** SOURCE DATA **

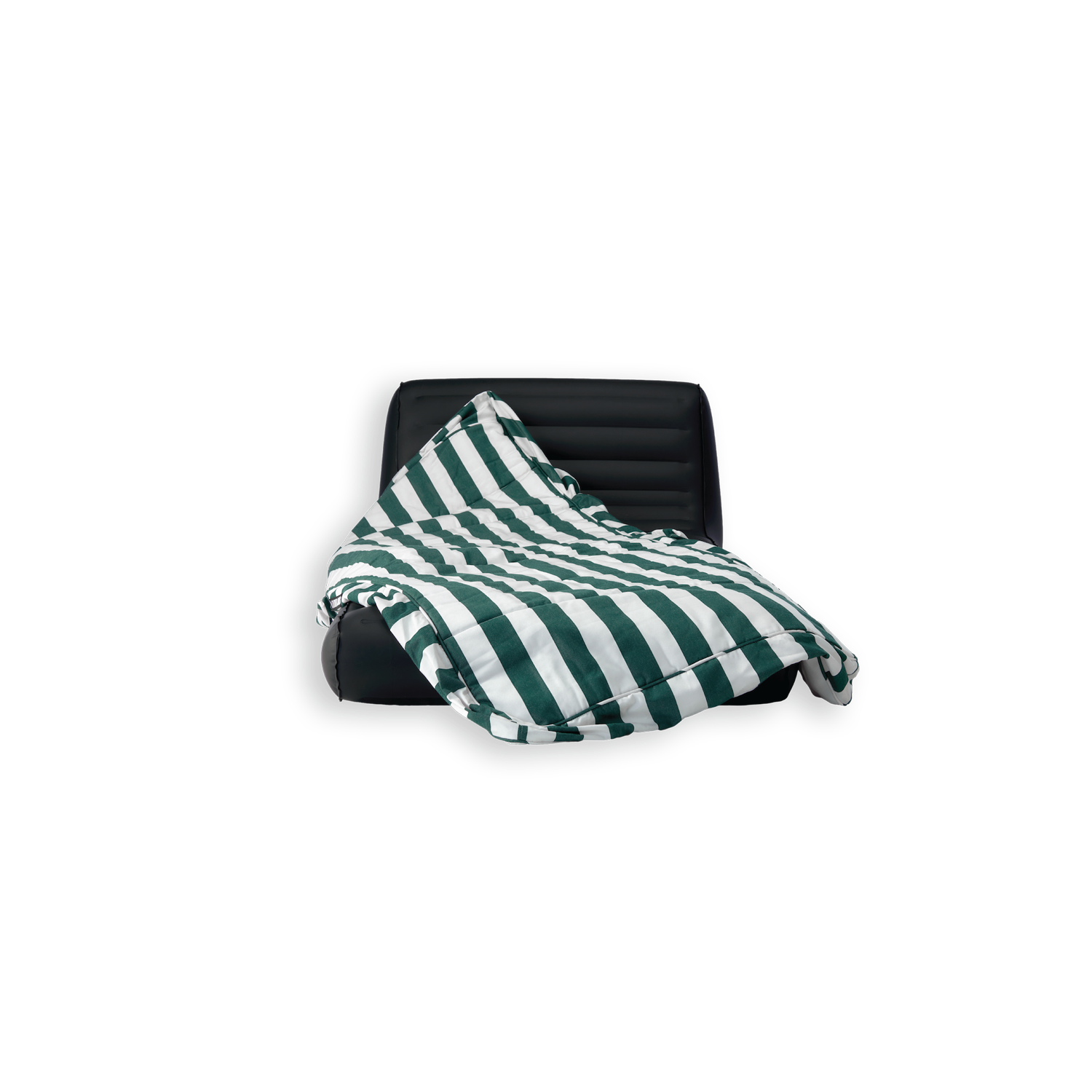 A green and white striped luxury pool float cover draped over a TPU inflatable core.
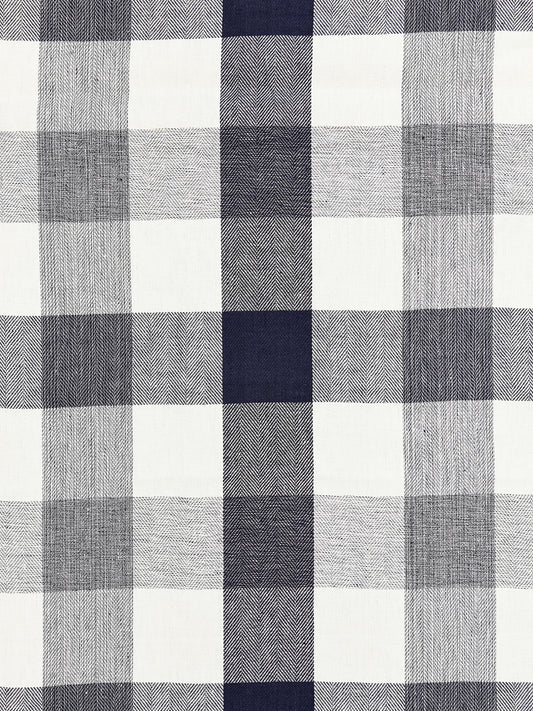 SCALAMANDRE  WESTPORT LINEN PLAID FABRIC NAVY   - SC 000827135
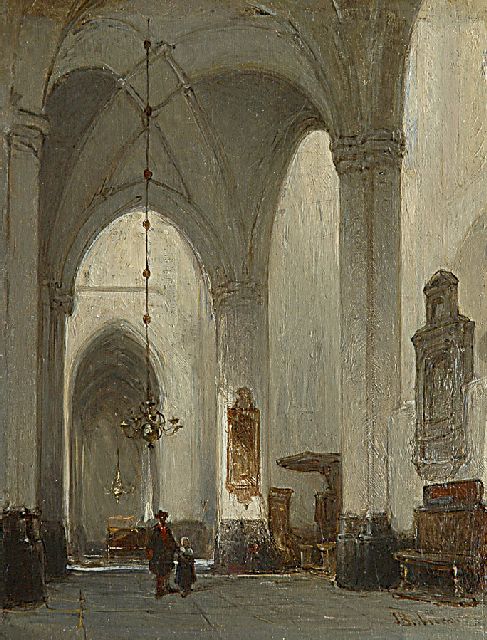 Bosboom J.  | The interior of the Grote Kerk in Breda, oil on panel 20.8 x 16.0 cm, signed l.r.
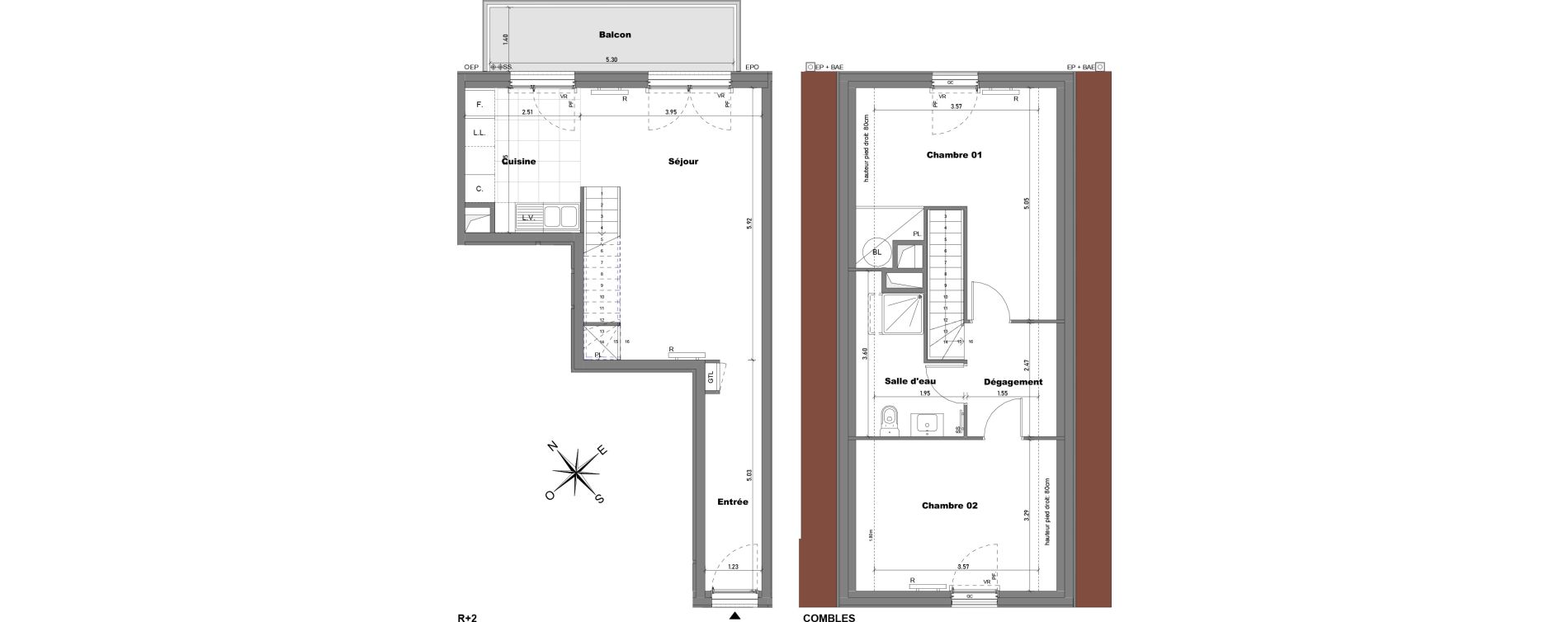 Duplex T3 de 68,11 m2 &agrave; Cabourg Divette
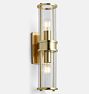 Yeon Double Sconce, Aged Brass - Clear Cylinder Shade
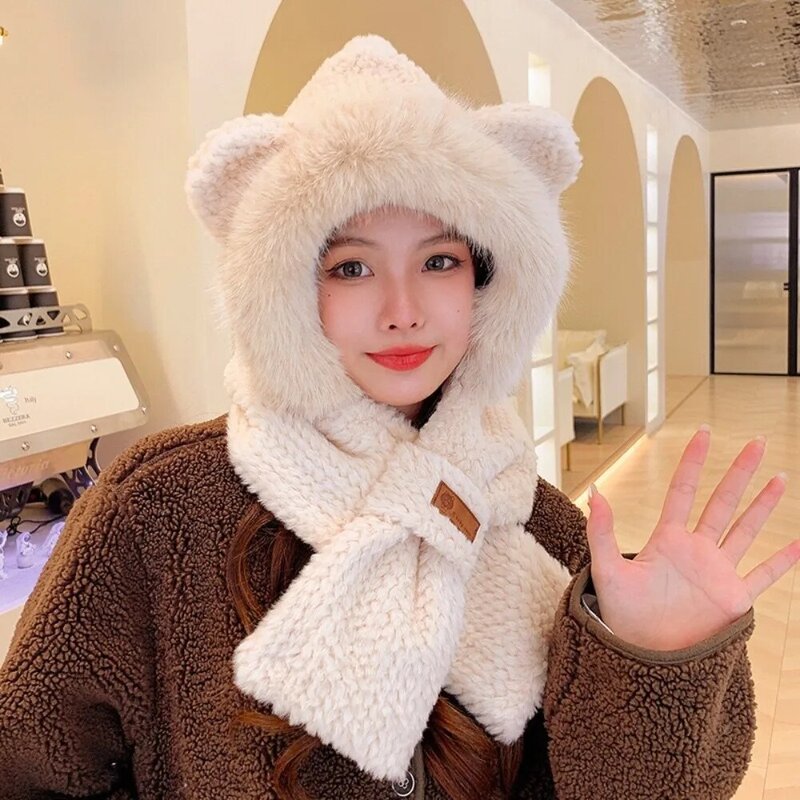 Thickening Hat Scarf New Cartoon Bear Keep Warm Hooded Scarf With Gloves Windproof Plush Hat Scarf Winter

** PROBLEM **
Any picture among the entries must be skipped; copy all else exactly.

** RESULT OF THIS EXERCISE **
 A green and white striped luxury pool float cover draped over a TPU inflatable core.
 SCALAMANDRE  WESTPORT LINEN PLAID FABRIC NAVY   - SC 000827135
 Bosboom J.  | The interior of the Grote Kerk in Breda, oil on panel 20.8 x 16.0 cm, signed l.r.
 Duplex T3 de 68,11 m2 &agrave; Cabourg Divette
 Yeon Double Sconce, Aged Brass - Clear Cylinder Shade
 Thickening Hat Scarf New Cartoon Bear Keep Warm Hooded Scarf With Gloves Windproof Plush Hat Scarf Winter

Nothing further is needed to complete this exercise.